━━━━━ INFORMATION GIVEN

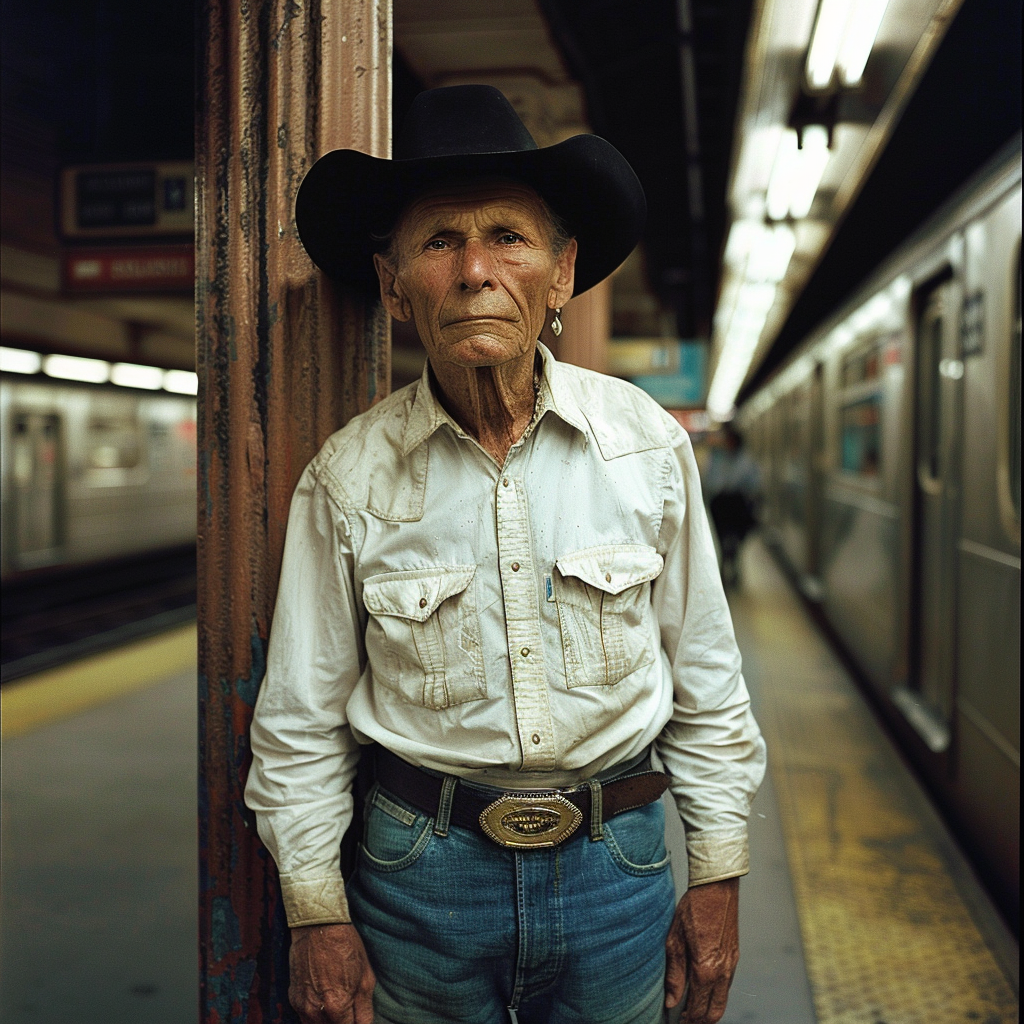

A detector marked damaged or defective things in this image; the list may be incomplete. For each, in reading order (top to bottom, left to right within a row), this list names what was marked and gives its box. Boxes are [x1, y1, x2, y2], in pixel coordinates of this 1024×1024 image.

rusted metal pillar [193, 4, 389, 1019]
peeling paint on pillar [195, 4, 391, 1019]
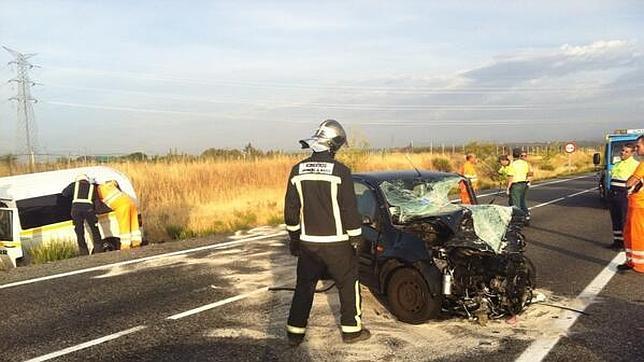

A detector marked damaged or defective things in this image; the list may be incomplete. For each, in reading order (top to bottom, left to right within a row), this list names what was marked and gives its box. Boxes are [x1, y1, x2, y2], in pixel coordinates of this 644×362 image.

shattered windshield [382, 177, 512, 252]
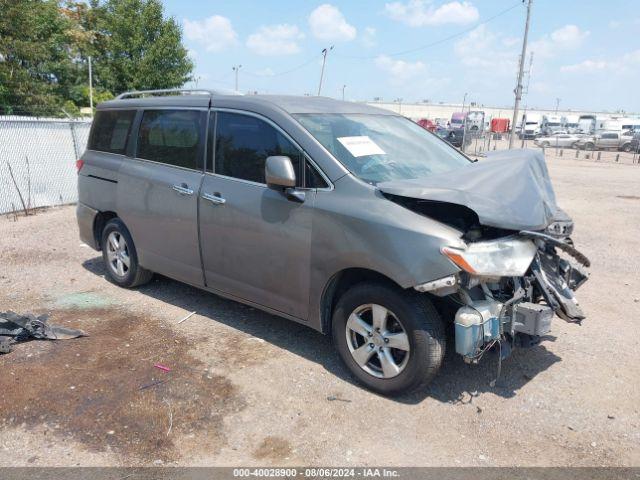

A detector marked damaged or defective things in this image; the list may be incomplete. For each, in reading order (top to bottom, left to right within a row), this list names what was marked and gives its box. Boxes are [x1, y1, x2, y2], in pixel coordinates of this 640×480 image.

crumpled hood [378, 150, 568, 232]
broken headlight [442, 237, 536, 276]
damaged front bumper [416, 231, 592, 362]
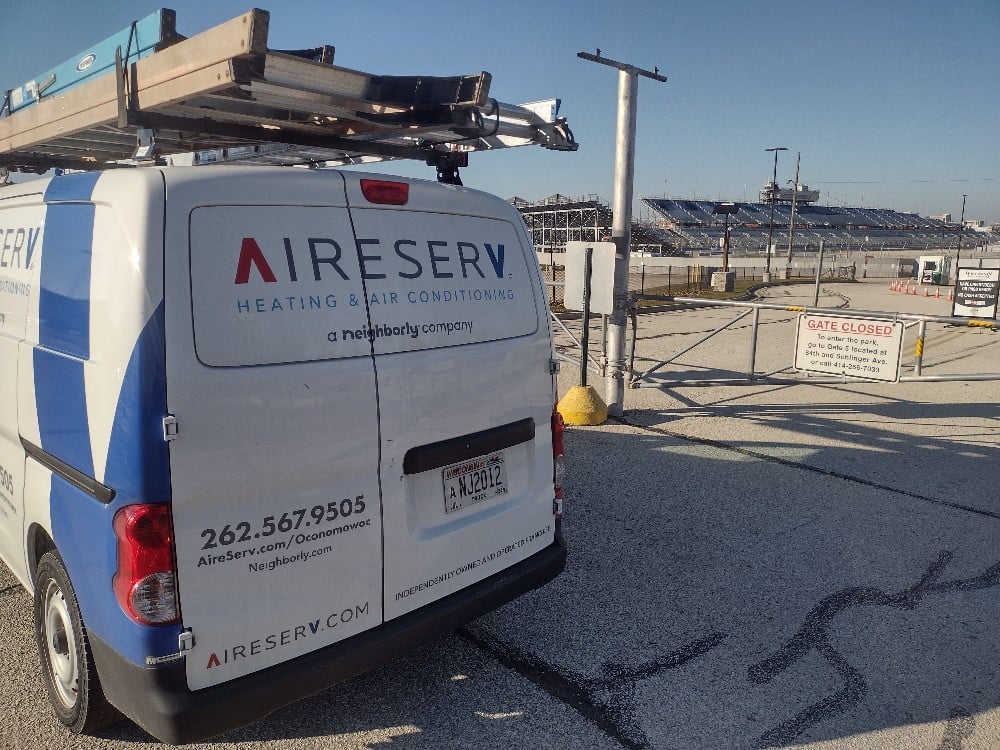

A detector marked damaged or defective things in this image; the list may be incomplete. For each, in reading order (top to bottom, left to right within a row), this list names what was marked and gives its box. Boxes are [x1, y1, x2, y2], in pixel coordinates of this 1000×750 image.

crack in pavement [460, 628, 728, 750]
crack in pavement [748, 548, 996, 748]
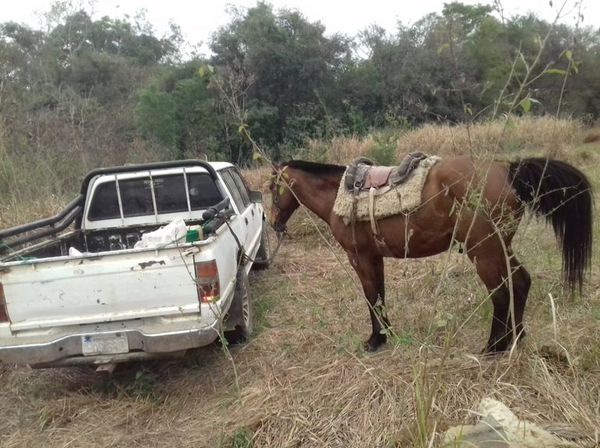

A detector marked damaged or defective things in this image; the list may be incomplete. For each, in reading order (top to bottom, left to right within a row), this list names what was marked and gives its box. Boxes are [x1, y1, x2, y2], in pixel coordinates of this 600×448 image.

damaged truck [0, 160, 270, 368]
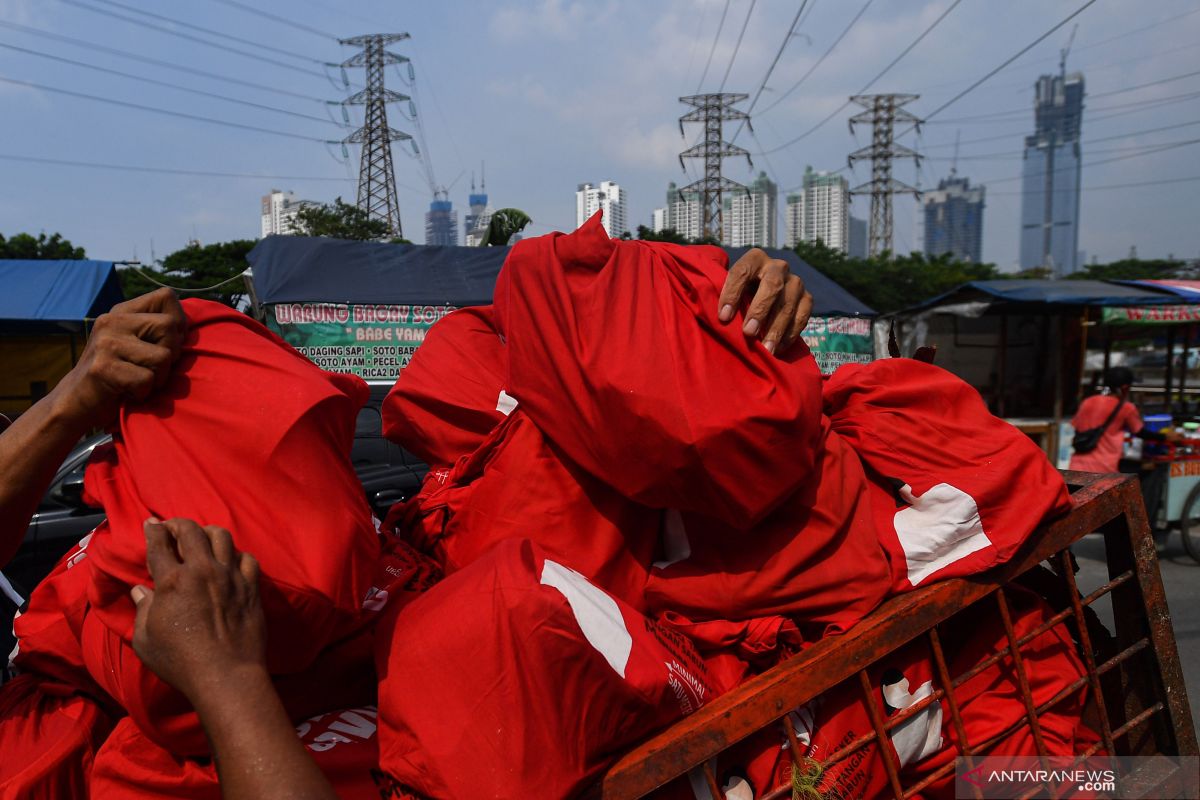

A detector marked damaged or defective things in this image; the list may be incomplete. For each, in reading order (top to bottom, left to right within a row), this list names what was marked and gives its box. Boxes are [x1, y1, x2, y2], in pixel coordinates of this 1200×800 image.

rusty metal cart [600, 472, 1200, 796]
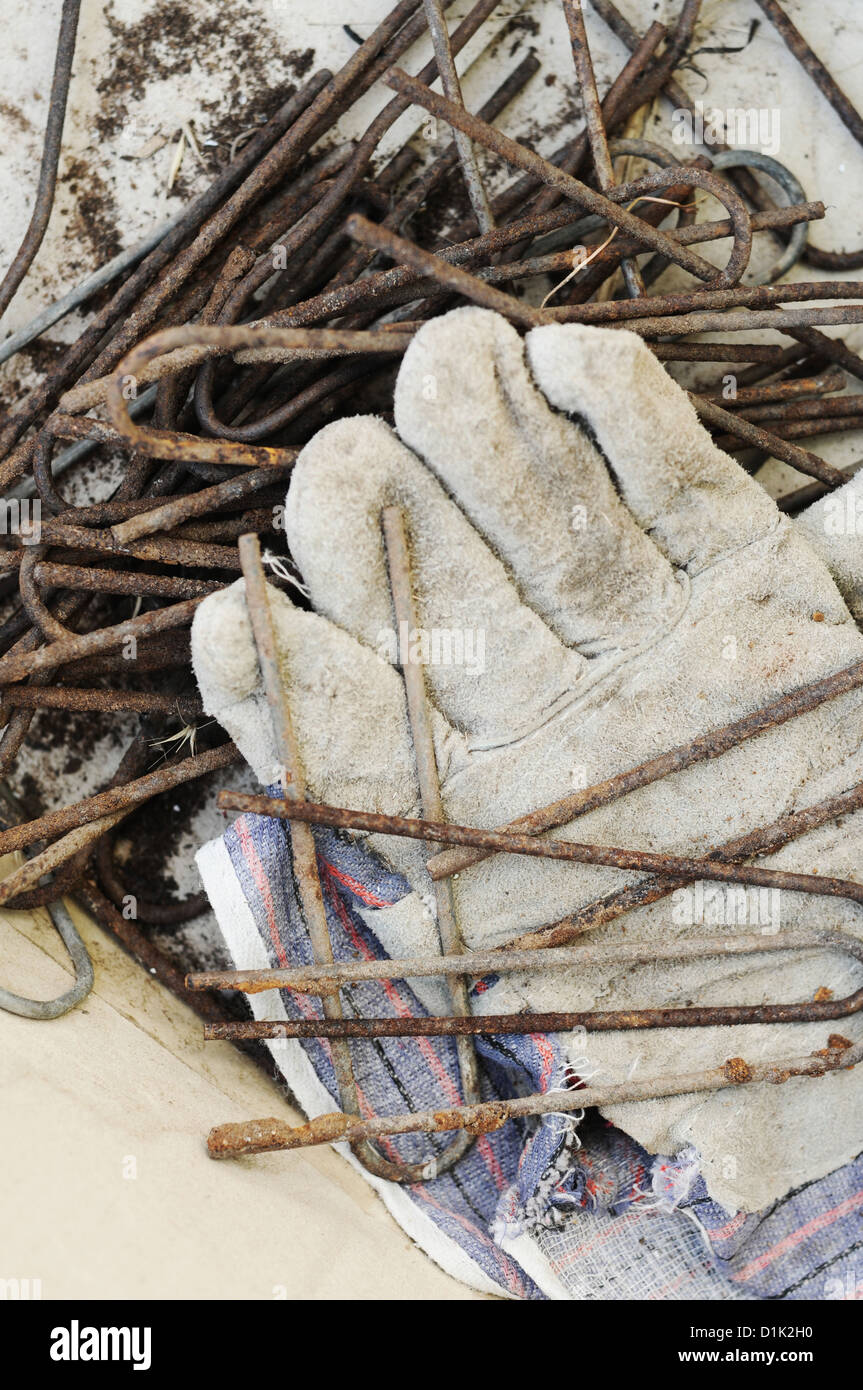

━━━━━━━━━━

WHAT YOU NEED TO DO: Find the line that has "this 1200×800 image." in the listing, then retype it and each later line up to the last, exactly. Leave pictures out.

TASK SOLUTION:
A detector marked damaged or defective things in this image; the list may be incomplete. For each, in reading order (top to bottom, left to right within a row), this list names what was marked and gives its box. Boxes are [x1, y1, x2, y2], in pixel coordinates of this 1200×800 image.

rusty metal cart [600, 472, 1200, 796]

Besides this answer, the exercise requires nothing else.